▸ **Task prompt**:
Print the full listing once more, exactly as given.

▸ **Data in this exercise**:
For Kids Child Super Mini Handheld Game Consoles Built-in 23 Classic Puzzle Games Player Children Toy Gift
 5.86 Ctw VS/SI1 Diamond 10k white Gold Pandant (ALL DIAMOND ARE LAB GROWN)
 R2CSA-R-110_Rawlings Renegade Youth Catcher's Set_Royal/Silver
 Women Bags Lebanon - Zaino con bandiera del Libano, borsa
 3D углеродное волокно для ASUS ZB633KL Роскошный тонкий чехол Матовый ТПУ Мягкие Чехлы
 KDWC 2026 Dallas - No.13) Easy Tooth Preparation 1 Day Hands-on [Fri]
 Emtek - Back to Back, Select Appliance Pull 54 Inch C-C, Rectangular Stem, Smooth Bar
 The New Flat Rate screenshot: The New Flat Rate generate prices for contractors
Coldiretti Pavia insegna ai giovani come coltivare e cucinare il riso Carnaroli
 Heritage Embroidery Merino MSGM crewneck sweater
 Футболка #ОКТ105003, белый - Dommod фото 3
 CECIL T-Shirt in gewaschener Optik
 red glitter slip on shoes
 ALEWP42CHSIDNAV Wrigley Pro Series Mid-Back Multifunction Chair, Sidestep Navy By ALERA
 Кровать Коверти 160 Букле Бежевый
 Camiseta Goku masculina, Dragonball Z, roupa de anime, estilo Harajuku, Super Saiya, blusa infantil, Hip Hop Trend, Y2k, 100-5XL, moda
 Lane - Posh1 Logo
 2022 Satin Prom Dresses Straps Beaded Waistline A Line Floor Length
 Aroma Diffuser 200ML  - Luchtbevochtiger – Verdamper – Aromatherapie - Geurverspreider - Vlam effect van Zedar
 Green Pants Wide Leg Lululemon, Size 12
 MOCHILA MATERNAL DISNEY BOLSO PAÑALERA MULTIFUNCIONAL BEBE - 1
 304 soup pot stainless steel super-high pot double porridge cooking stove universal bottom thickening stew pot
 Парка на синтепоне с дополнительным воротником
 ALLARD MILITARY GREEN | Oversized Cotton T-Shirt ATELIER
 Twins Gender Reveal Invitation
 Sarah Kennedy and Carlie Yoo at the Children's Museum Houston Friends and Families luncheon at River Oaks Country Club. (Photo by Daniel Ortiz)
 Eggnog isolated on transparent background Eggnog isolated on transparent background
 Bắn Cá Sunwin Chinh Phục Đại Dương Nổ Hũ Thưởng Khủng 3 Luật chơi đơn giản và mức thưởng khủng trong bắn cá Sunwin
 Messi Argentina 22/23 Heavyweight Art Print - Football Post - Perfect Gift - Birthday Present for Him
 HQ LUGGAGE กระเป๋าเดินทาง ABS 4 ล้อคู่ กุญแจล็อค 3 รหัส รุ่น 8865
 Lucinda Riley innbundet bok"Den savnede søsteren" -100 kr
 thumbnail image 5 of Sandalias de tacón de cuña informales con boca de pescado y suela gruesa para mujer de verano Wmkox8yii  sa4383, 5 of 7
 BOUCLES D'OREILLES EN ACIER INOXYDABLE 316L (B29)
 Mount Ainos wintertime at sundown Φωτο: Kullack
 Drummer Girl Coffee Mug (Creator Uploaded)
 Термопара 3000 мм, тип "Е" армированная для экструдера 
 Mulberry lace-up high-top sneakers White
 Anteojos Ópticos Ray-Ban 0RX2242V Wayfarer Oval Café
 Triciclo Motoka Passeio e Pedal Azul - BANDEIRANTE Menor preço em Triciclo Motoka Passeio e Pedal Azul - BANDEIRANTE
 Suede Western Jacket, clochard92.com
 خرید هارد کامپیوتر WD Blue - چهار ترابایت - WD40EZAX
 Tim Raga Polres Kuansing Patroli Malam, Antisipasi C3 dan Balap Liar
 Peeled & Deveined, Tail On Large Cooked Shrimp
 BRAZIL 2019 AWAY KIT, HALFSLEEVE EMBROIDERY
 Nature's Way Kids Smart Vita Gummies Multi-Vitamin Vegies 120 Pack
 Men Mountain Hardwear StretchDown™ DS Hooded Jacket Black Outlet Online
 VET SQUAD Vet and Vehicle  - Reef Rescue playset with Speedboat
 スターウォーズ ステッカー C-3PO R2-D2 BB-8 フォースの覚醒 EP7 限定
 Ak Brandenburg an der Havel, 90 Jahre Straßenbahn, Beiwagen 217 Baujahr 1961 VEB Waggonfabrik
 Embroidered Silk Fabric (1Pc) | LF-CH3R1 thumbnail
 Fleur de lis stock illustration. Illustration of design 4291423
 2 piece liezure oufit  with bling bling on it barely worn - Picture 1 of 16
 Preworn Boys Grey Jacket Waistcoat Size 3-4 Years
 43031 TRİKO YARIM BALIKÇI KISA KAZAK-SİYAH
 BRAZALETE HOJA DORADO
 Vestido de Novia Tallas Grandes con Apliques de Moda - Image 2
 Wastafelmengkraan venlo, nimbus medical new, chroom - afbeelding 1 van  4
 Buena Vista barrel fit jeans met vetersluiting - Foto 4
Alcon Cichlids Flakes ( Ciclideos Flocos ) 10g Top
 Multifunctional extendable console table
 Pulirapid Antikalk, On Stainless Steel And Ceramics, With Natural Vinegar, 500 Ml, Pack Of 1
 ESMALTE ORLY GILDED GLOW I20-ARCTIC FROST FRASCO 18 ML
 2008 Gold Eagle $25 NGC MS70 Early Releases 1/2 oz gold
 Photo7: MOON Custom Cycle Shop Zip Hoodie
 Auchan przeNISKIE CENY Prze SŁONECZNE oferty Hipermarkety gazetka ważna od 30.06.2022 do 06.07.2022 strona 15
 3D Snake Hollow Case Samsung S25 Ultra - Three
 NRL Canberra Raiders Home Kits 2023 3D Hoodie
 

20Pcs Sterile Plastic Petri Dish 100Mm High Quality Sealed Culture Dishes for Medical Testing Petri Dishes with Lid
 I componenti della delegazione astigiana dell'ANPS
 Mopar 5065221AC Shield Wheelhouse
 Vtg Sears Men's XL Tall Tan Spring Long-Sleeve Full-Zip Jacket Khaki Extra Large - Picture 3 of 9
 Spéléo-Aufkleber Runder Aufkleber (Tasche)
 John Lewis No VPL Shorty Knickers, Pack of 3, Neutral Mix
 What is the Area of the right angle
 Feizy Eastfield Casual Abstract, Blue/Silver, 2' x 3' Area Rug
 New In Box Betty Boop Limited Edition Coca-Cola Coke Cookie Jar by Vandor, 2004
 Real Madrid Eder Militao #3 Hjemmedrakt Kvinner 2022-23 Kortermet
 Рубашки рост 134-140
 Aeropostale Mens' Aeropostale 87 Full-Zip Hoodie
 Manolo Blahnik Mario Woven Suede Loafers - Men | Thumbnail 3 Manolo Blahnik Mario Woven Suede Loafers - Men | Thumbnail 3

▸ **Task output**:
For Kids Child Super Mini Handheld Game Consoles Built-in 23 Classic Puzzle Games Player Children Toy Gift
 5.86 Ctw VS/SI1 Diamond 10k white Gold Pandant (ALL DIAMOND ARE LAB GROWN)
 R2CSA-R-110_Rawlings Renegade Youth Catcher's Set_Royal/Silver
 Women Bags Lebanon - Zaino con bandiera del Libano, borsa
 3D углеродное волокно для ASUS ZB633KL Роскошный тонкий чехол Матовый ТПУ Мягкие Чехлы
 KDWC 2026 Dallas - No.13) Easy Tooth Preparation 1 Day Hands-on [Fri]
 Emtek - Back to Back, Select Appliance Pull 54 Inch C-C, Rectangular Stem, Smooth Bar
 The New Flat Rate screenshot: The New Flat Rate generate prices for contractors
Coldiretti Pavia insegna ai giovani come coltivare e cucinare il riso Carnaroli
 Heritage Embroidery Merino MSGM crewneck sweater
 Футболка #ОКТ105003, белый - Dommod фото 3
 CECIL T-Shirt in gewaschener Optik
 red glitter slip on shoes
 ALEWP42CHSIDNAV Wrigley Pro Series Mid-Back Multifunction Chair, Sidestep Navy By ALERA
 Кровать Коверти 160 Букле Бежевый
 Camiseta Goku masculina, Dragonball Z, roupa de anime, estilo Harajuku, Super Saiya, blusa infantil, Hip Hop Trend, Y2k, 100-5XL, moda
 Lane - Posh1 Logo
 2022 Satin Prom Dresses Straps Beaded Waistline A Line Floor Length
 Aroma Diffuser 200ML  - Luchtbevochtiger – Verdamper – Aromatherapie - Geurverspreider - Vlam effect van Zedar
 Green Pants Wide Leg Lululemon, Size 12
 MOCHILA MATERNAL DISNEY BOLSO PAÑALERA MULTIFUNCIONAL BEBE - 1
 304 soup pot stainless steel super-high pot double porridge cooking stove universal bottom thickening stew pot
 Парка на синтепоне с дополнительным воротником
 ALLARD MILITARY GREEN | Oversized Cotton T-Shirt ATELIER
 Twins Gender Reveal Invitation
 Sarah Kennedy and Carlie Yoo at the Children's Museum Houston Friends and Families luncheon at River Oaks Country Club. (Photo by Daniel Ortiz)
 Eggnog isolated on transparent background Eggnog isolated on transparent background
 Bắn Cá Sunwin Chinh Phục Đại Dương Nổ Hũ Thưởng Khủng 3 Luật chơi đơn giản và mức thưởng khủng trong bắn cá Sunwin
 Messi Argentina 22/23 Heavyweight Art Print - Football Post - Perfect Gift - Birthday Present for Him
 HQ LUGGAGE กระเป๋าเดินทาง ABS 4 ล้อคู่ กุญแจล็อค 3 รหัส รุ่น 8865
 Lucinda Riley innbundet bok"Den savnede søsteren" -100 kr
 thumbnail image 5 of Sandalias de tacón de cuña informales con boca de pescado y suela gruesa para mujer de verano Wmkox8yii  sa4383, 5 of 7
 BOUCLES D'OREILLES EN ACIER INOXYDABLE 316L (B29)
 Mount Ainos wintertime at sundown Φωτο: Kullack
 Drummer Girl Coffee Mug (Creator Uploaded)
 Термопара 3000 мм, тип "Е" армированная для экструдера 
 Mulberry lace-up high-top sneakers White
 Anteojos Ópticos Ray-Ban 0RX2242V Wayfarer Oval Café
 Triciclo Motoka Passeio e Pedal Azul - BANDEIRANTE Menor preço em Triciclo Motoka Passeio e Pedal Azul - BANDEIRANTE
 Suede Western Jacket, clochard92.com
 خرید هارد کامپیوتر WD Blue - چهار ترابایت - WD40EZAX
 Tim Raga Polres Kuansing Patroli Malam, Antisipasi C3 dan Balap Liar
 Peeled & Deveined, Tail On Large Cooked Shrimp
 BRAZIL 2019 AWAY KIT, HALFSLEEVE EMBROIDERY
 Nature's Way Kids Smart Vita Gummies Multi-Vitamin Vegies 120 Pack
 Men Mountain Hardwear StretchDown™ DS Hooded Jacket Black Outlet Online
 VET SQUAD Vet and Vehicle  - Reef Rescue playset with Speedboat
 スターウォーズ ステッカー C-3PO R2-D2 BB-8 フォースの覚醒 EP7 限定
 Ak Brandenburg an der Havel, 90 Jahre Straßenbahn, Beiwagen 217 Baujahr 1961 VEB Waggonfabrik
 Embroidered Silk Fabric (1Pc) | LF-CH3R1 thumbnail
 Fleur de lis stock illustration. Illustration of design 4291423
 2 piece liezure oufit  with bling bling on it barely worn - Picture 1 of 16
 Preworn Boys Grey Jacket Waistcoat Size 3-4 Years
 43031 TRİKO YARIM BALIKÇI KISA KAZAK-SİYAH
 BRAZALETE HOJA DORADO
 Vestido de Novia Tallas Grandes con Apliques de Moda - Image 2
 Wastafelmengkraan venlo, nimbus medical new, chroom - afbeelding 1 van  4
 Buena Vista barrel fit jeans met vetersluiting - Foto 4
Alcon Cichlids Flakes ( Ciclideos Flocos ) 10g Top
 Multifunctional extendable console table
 Pulirapid Antikalk, On Stainless Steel And Ceramics, With Natural Vinegar, 500 Ml, Pack Of 1
 ESMALTE ORLY GILDED GLOW I20-ARCTIC FROST FRASCO 18 ML
 2008 Gold Eagle $25 NGC MS70 Early Releases 1/2 oz gold
 Photo7: MOON Custom Cycle Shop Zip Hoodie
 Auchan przeNISKIE CENY Prze SŁONECZNE oferty Hipermarkety gazetka ważna od 30.06.2022 do 06.07.2022 strona 15
 3D Snake Hollow Case Samsung S25 Ultra - Three
 NRL Canberra Raiders Home Kits 2023 3D Hoodie
 

20Pcs Sterile Plastic Petri Dish 100Mm High Quality Sealed Culture Dishes for Medical Testing Petri Dishes with Lid
 I componenti della delegazione astigiana dell'ANPS
 Mopar 5065221AC Shield Wheelhouse
 Vtg Sears Men's XL Tall Tan Spring Long-Sleeve Full-Zip Jacket Khaki Extra Large - Picture 3 of 9
 Spéléo-Aufkleber Runder Aufkleber (Tasche)
 John Lewis No VPL Shorty Knickers, Pack of 3, Neutral Mix
 What is the Area of the right angle
 Feizy Eastfield Casual Abstract, Blue/Silver, 2' x 3' Area Rug
 New In Box Betty Boop Limited Edition Coca-Cola Coke Cookie Jar by Vandor, 2004
 Real Madrid Eder Militao #3 Hjemmedrakt Kvinner 2022-23 Kortermet
 Рубашки рост 134-140
 Aeropostale Mens' Aeropostale 87 Full-Zip Hoodie
 Manolo Blahnik Mario Woven Suede Loafers - Men | Thumbnail 3 Manolo Blahnik Mario Woven Suede Loafers - Men | Thumbnail 3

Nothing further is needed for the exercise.